Weeds are judged by the gardener. Wild flowers to some are weeds to another. Then there are those plants that are by anyone's definition a bother to have in the flower bed. They steal nutrients and water away from roses and dahlias. They rob sunlight from low-growing flowers such as alyssum and lobelia. And they look, well, unsightly. The only sure way to stop weeds is to use an herbicide. But what kills the weeds will also kill your flowers.
Water the flower bed. Cover it with black plastic. The weeds will sprout and die. Remove the black plastic and plant the flowers. This method can also be used in a garden with well-established flower bushes such as roses. Carefully arrange the plastic between the bushes but not directly up against their trunks. Remove after a few weeks.
Mulch between the flowers with a natural mulch, shredded newspapers, grass clippings or a commercial mulch. The mulch prevents sunlight from reaching the soil. Weeds can't grow in the dark once they've sprouted. If you use newspapers or grass clippings and don't like the way they look, cover them with a second layer of more attractive mulch. An advantage to natural mulches is that they add nutrients to the soil as they decompose.
Remove the weeds as soon as you see them growing. Some weeds spread by seed, but others spread by runners underground. The longer you wait to pull the weed, the more the runners will spread. Use a hand fork--a hand-held gardening tool that looks like a claw--to remove all the runners.
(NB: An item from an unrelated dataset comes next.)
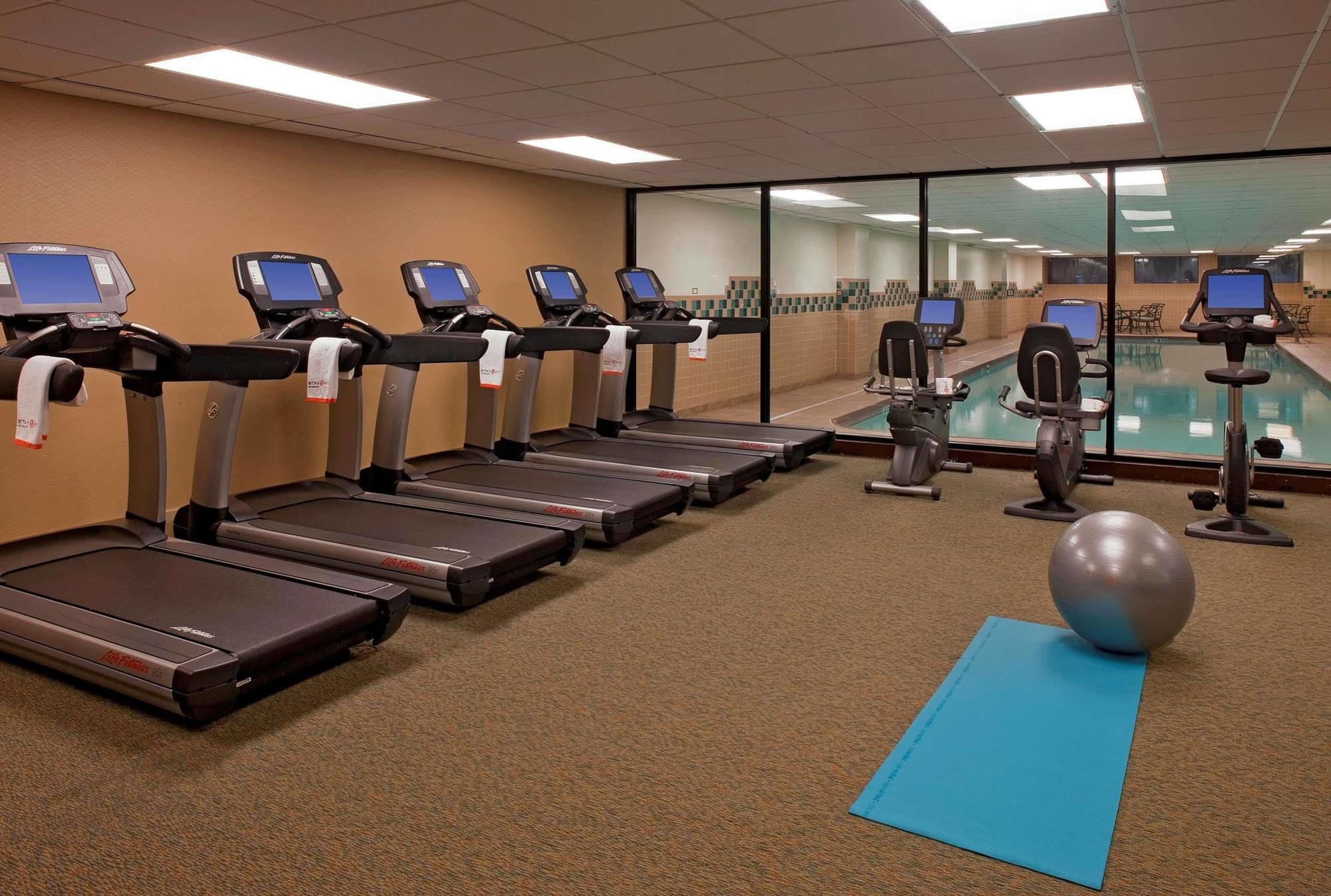 Отель Hyatt Regency Schaumburg Chicago Удобства фото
Pull weeds by the roots. Leaving the root by just clipping the top of the weed may mean the weed will resprout. Use a weeder, another hand-held tool that looks like a long, flat screwdriver with a "V" cut in the end of the blade. Plunge the weeder next to the weed's stem and pop it up. The V provides more leverage.
Remove weeds from all of your landscaping, not just the flower beds. When the weeds go to seed, the wind, birds and animals can spread the weeds into flower beds.
Spray troublesome weeds that just won't die otherwise with a systematic herbicide that works through the plants' leaves. Spray on a windless day. Keep the spray away from the flowers. Do not water for at least 24 hours.